Exercise objective:
Your reply must hold the lines from the one containing "Women's Sports Yoga" to the end of the entries, copied exactly, with pictures excluded.

Items from a dataset:
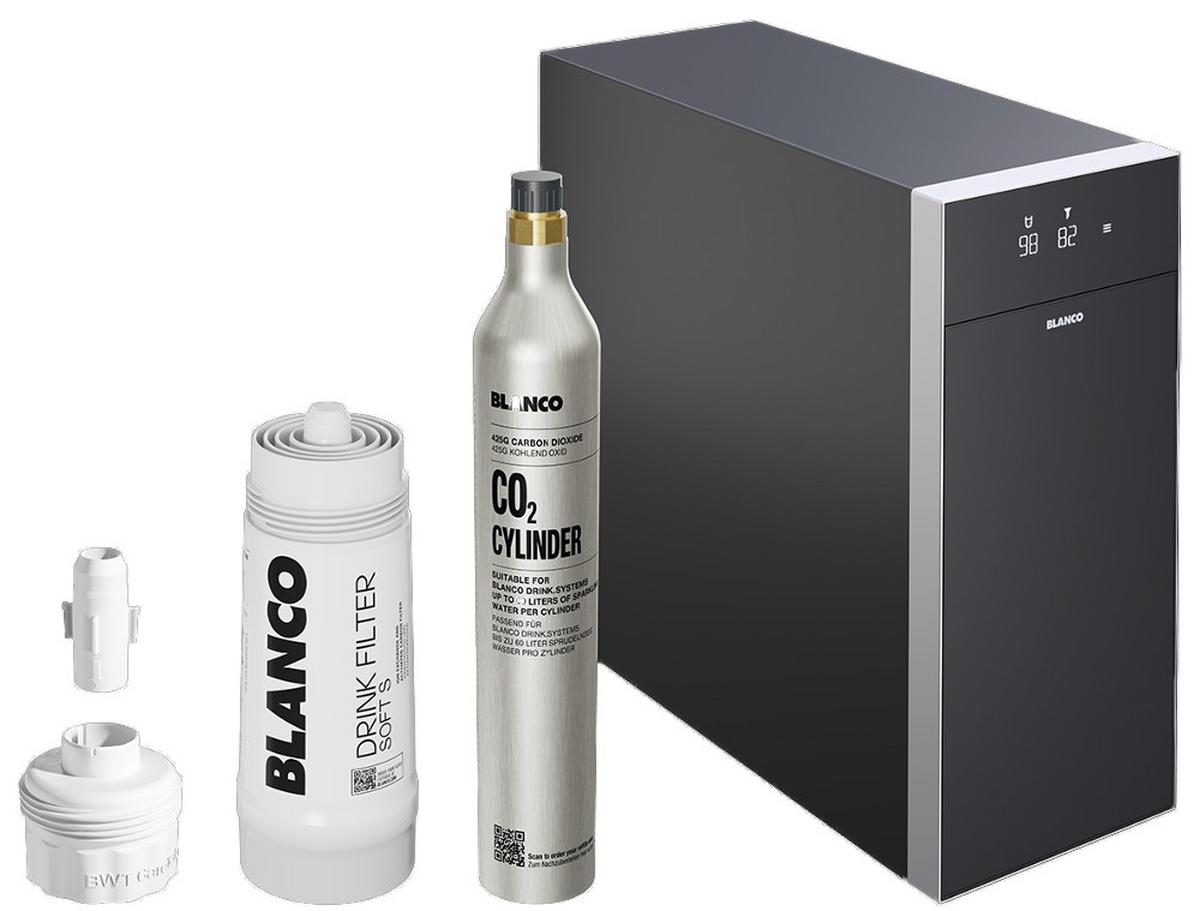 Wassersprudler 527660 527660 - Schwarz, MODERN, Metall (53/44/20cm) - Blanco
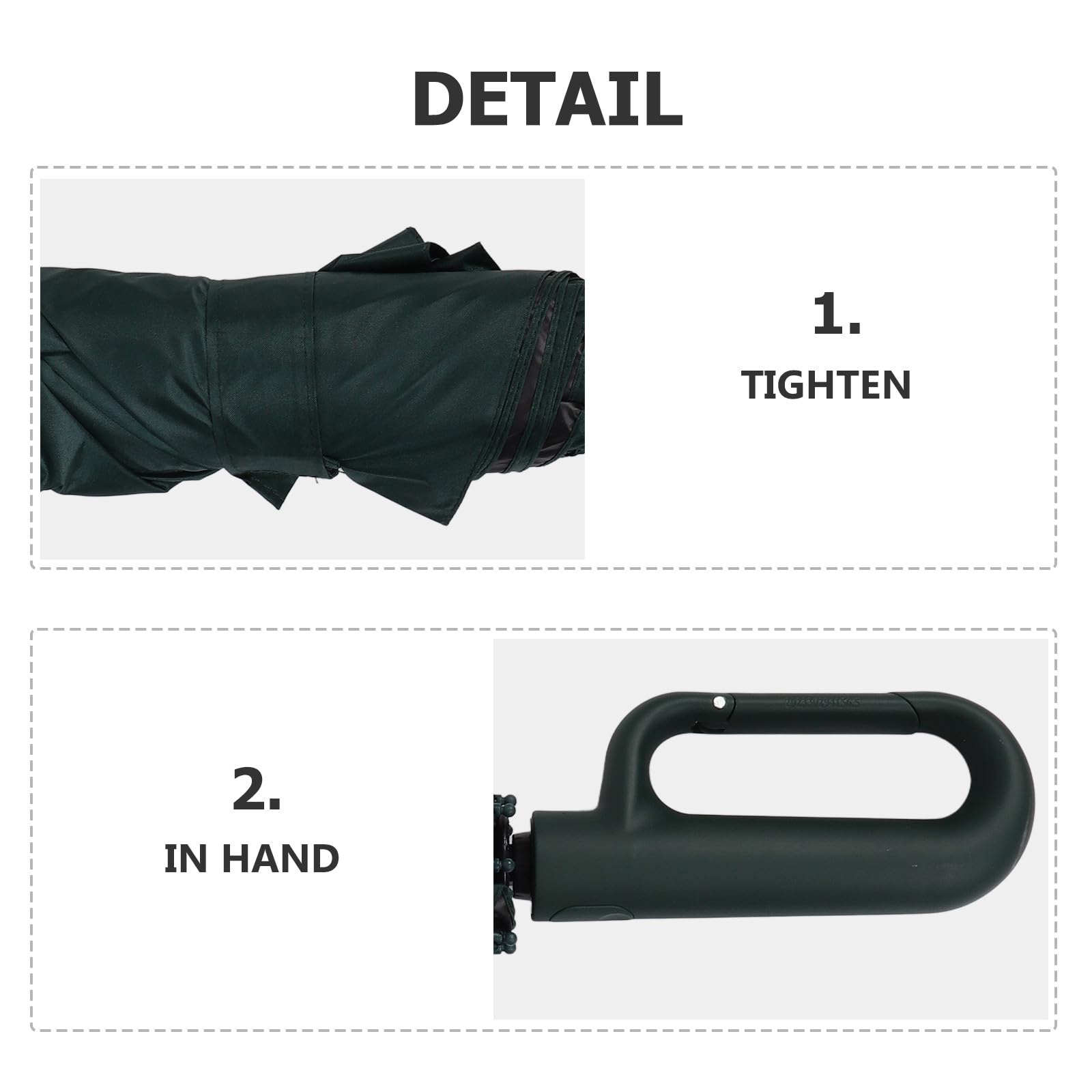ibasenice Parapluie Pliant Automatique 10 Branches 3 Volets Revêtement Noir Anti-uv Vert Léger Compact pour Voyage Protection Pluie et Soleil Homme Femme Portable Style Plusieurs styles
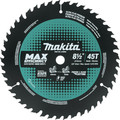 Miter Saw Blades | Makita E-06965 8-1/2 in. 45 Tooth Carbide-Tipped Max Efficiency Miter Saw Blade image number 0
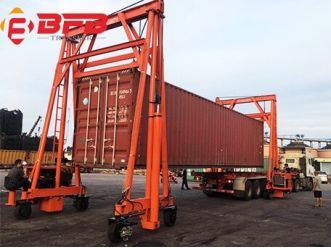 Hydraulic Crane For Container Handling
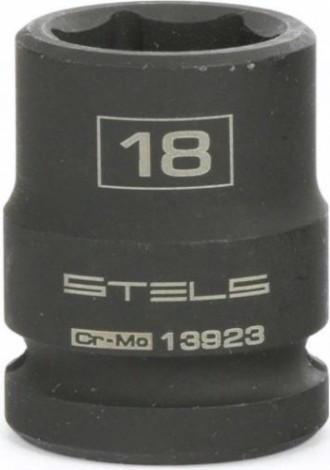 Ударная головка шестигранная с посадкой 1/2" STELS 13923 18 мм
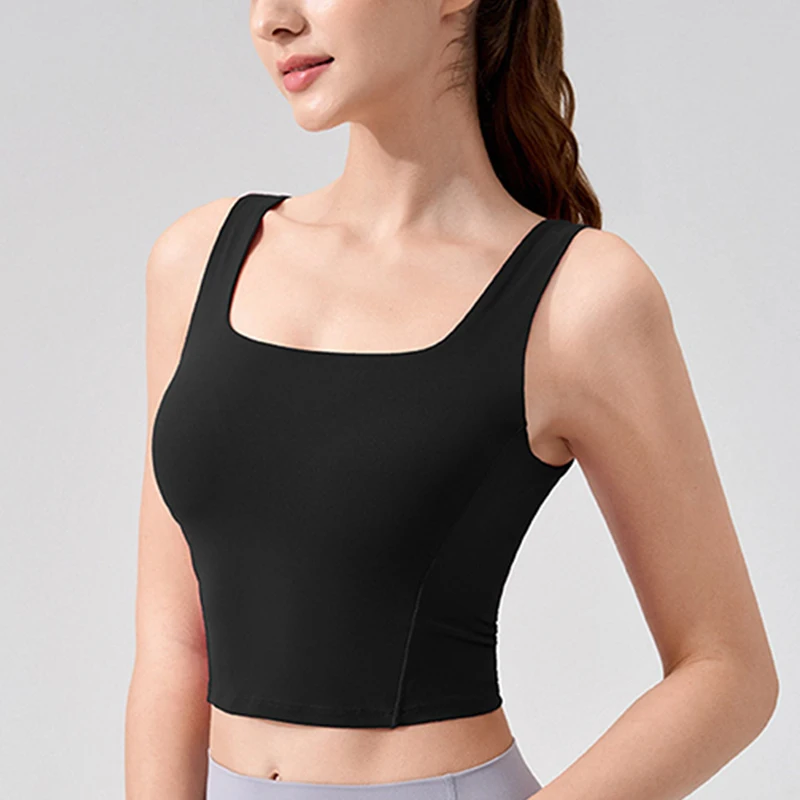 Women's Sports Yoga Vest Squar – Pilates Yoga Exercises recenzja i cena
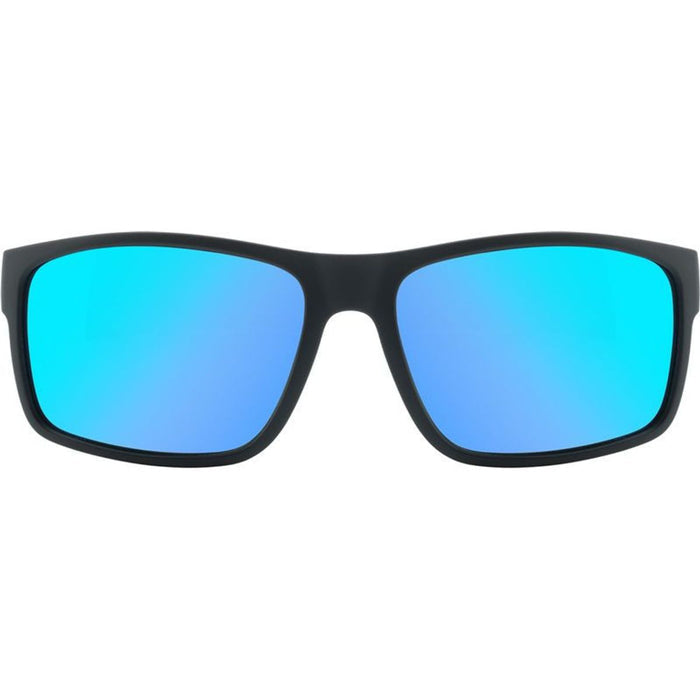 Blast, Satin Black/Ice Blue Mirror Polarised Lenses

Answer to the exercise:
 Women's Sports Yoga Vest Squar – Pilates Yoga Exercises recenzja i cena
 Blast, Satin Black/Ice Blue Mirror Polarised Lenses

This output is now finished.